Interview with Artist Mark Jason Page, part 2

Welcome back for the conclusion of our chat with steampunk and fine art artist, Mark Jason Page

Part one can be read here.


Airship Ambassador: Continuing our chat about some specific pieces, there is a sense of whimsy, overall, in the design, and a nice contrast in the blue and gold of the color scheme. What are the various elements which went into it?

Mark Jason Page: I really don’t want to create work that takes itself so deeply serious. I love whimsy and I’m flattered that people use that word when they look at my work. As far as the elements, I hate to sound like a broken record, but again looking at nature. I just thought, how cool would it be to have this carriage, with these brass mechanical dolphins diving up and down as gears turn and copper steam stacks blow. That’s something I’d like to see built!

AA: What kind of research, and then editing, went into creating the Regal Steam Airship and the Blue Legion, the other airship? Were there any elements which you really wanted to be in the image? Anything that you eventually removed?

MJP: To be completely honest, the Regal Steam Airship was pretty spontaneous. I just stated sketching on watercolor paper, playing around with shapes, and that image is just the result of playing around. I mean, I had in mind classic airship designs, bit I think it’s actually an appealing piece because I was having fun. When your having fun it is apparent in your work. The Blue Legion was actually kind of a sequel to The Regal Airship, or maybe I should say it was inspired by that piece.


AA: How about the Seahorse Carriage?

MJP: This piece was an effort to produce something within the same aquatic theme as the Dolphin Steam Carriage. I want to continue to produce work with this same mechanical, sea creature inspired design.

AA: And the Steam Goldfish?

MJP: This piece was really inspired by the idea of some sort of time machine, with my signature nod to nature.

AA: What can you share at this stage about the book project with these and other images?

MJP: Well the airship and other vehicles are my fine art pieces, but they might find their way into a book of some sort. As far as the book project I’m working on now, I’ll say it definitely portrays a world filled with steam punk inventions. Mostly steam punk animal inventions. I can’t say too much yet, but over the next months, you’ll see more and more revealed about the book. I’m posting quite a bit of the illustrations on Instagram (@markjpage) and I’ve tweeted some of the images as well (@mpageca) so I can hopefully start to gain a small following. I plan to start posting the work to my blog as well when I get time( By the way, I must thank you for retweeting my work on twitter. Can’t thank you enough!

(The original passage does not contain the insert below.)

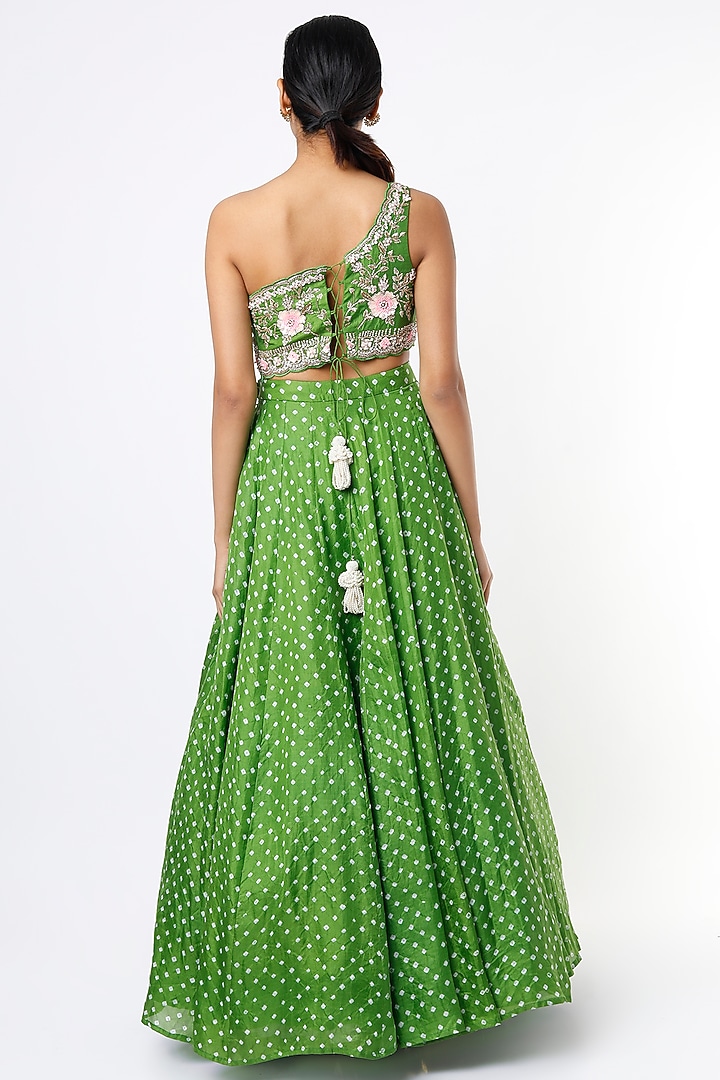 Grass Green Printed & Embroidered Wedding Lehenga Set by Kaynaat by Aanchal Sawhney at Pernia's Pop Up Shop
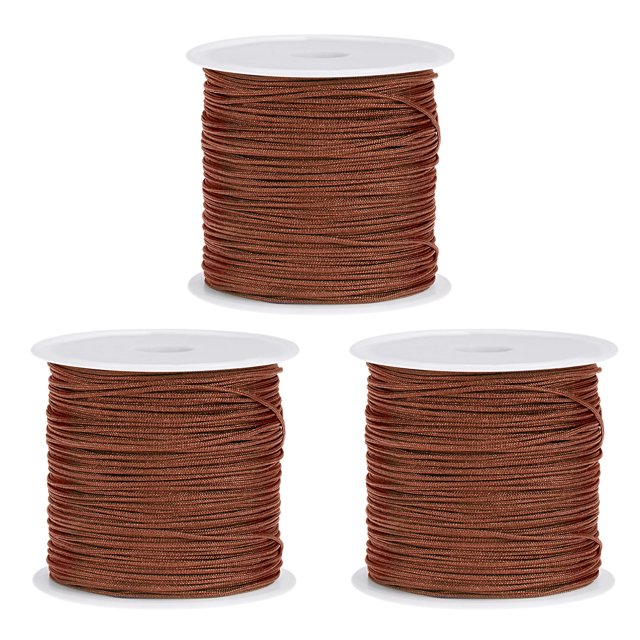 Nylon Cuerda Bricolaje Fabricación Satén Cuerda Artesanía Alambre con Plástico Carrete 147 Pies, Marrón, 3uds Unique Bargains cuerdas elásticas artesanales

AA: You are more than welcome, it’s my pleasure to share your work with everyone. Aside from my jaw-dropping response, what are some memorable fan reactions to your work which you’ve heard about? Aside from your website, where can people see your work in person? Are they shown at any conventions?

MJP: Well I self published a comic book called “Kana’s Island”, back in probably 2005. I sold it on my website, at little book signings, and finally in 2006 I got a booth at the San Diego Comic-Con and was one of the nominees for the “Best Newcomer” award. That was crazy, I had people coming up to my table from France and Italy who had purchased the comic online and were already fans! That blew my mind! As far as my new work, I’ve only shown in a couple of shows, but I plan to and hope to do more art shows. As a matter of fact, I will be part of a show at Disneyland in California at the Disneyana gallery on main street. The show is slated for February but the dates are still being figured out. I’ll post the dates on my website once the show is formally announced. Once my current book project is done, I will be at Comic-con again, and also hope to display my “Fantastical” airship pieces.


AA: If you weren’t an artist, what else would you be doing now?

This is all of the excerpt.